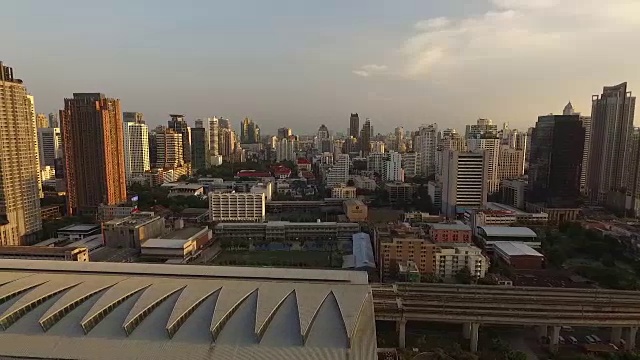 曼谷大都会，泰国最大城市鸟瞰图视频下载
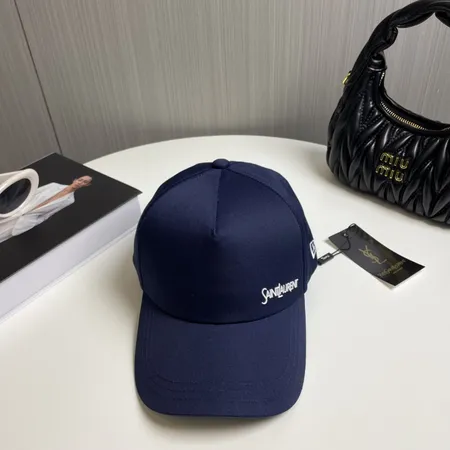 イブサンローラン 帽子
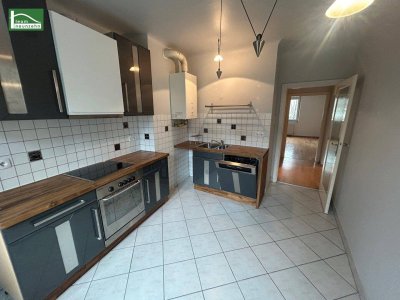 Faires Preis-Leistungsverhältnis! Gebrauchte Neubau-Wohnung mit perfektem Grundriss in Top Lage! Getrennt begehbar! U Bahn nur 350m entfernt!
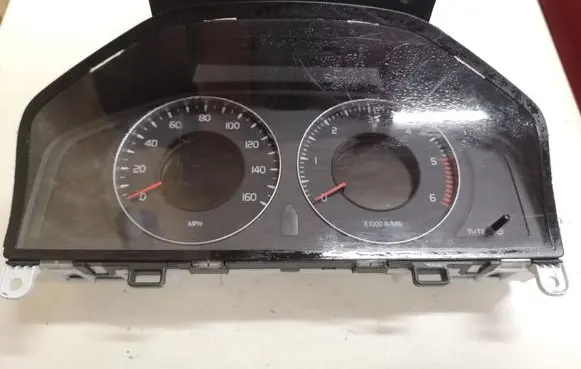Volvo V70 Speedometer (instrument cluster) 30786629AB 36002201 BK9KB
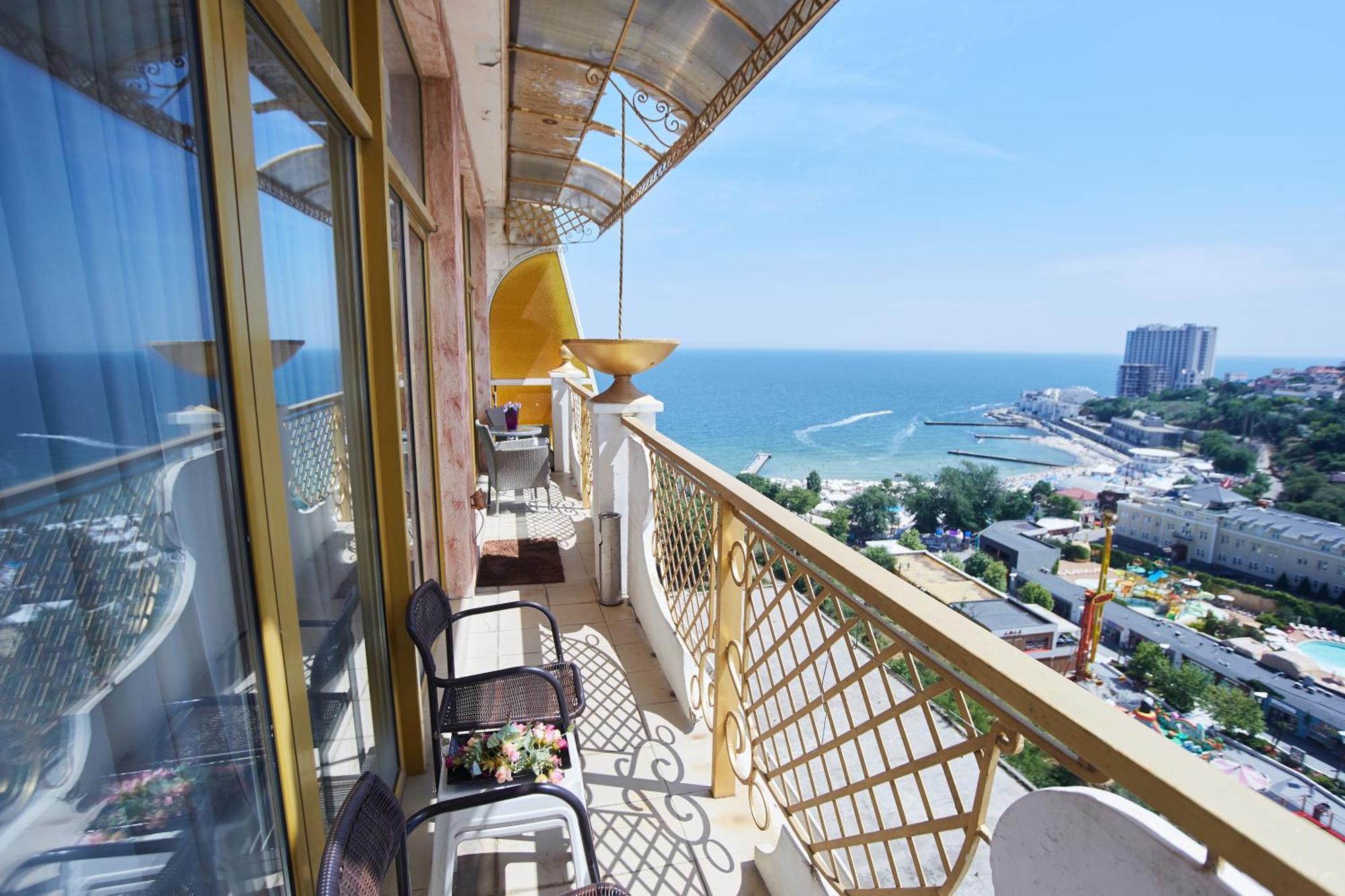 Arcadia Promenade Grand Apartments Odesa Room photo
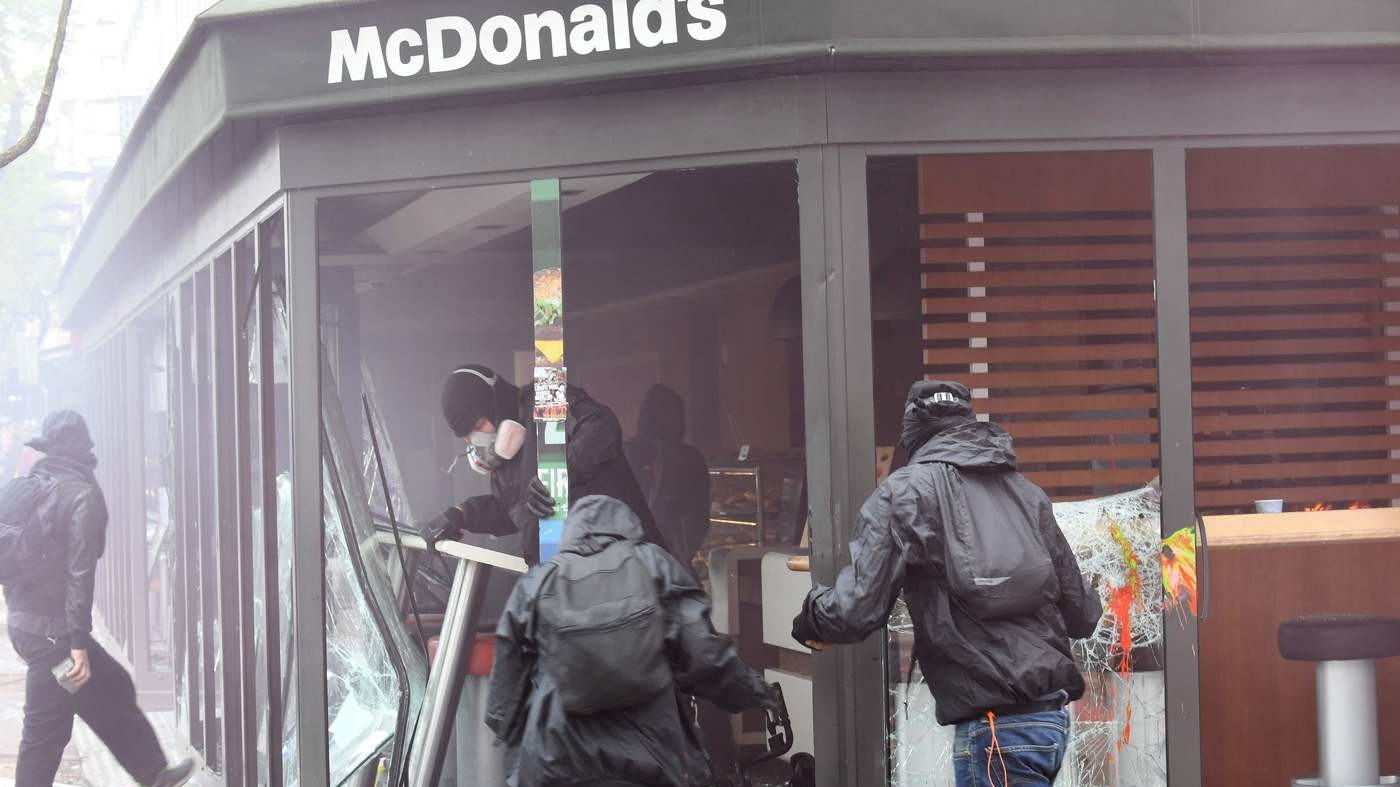 Parigi a fuoco e fiamme per il Primo Maggio: distrutti Mcdonald’s e concessionarie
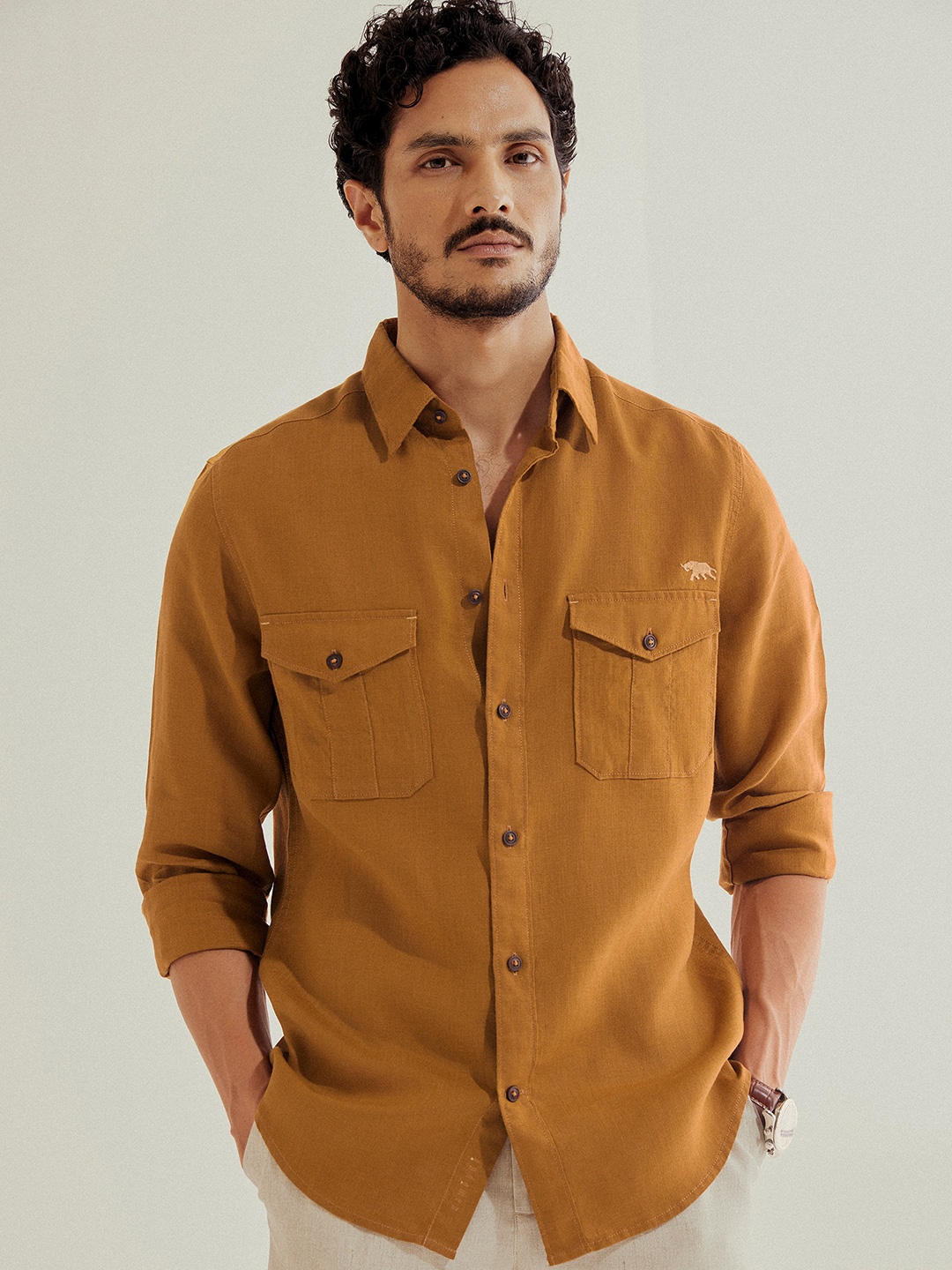 

Andamen Casual Men Solid Slim Fit Casual Shirt, Mustard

Work to complete → Starting at the line that contains "Parigi a fuoco", output every line through the end of the data, both ends included, and nothing else; pictures stay out.

Result of the exercise →
 Parigi a fuoco e fiamme per il Primo Maggio: distrutti Mcdonald’s e concessionarie

Andamen Casual Men Solid Slim Fit Casual Shirt, Mustard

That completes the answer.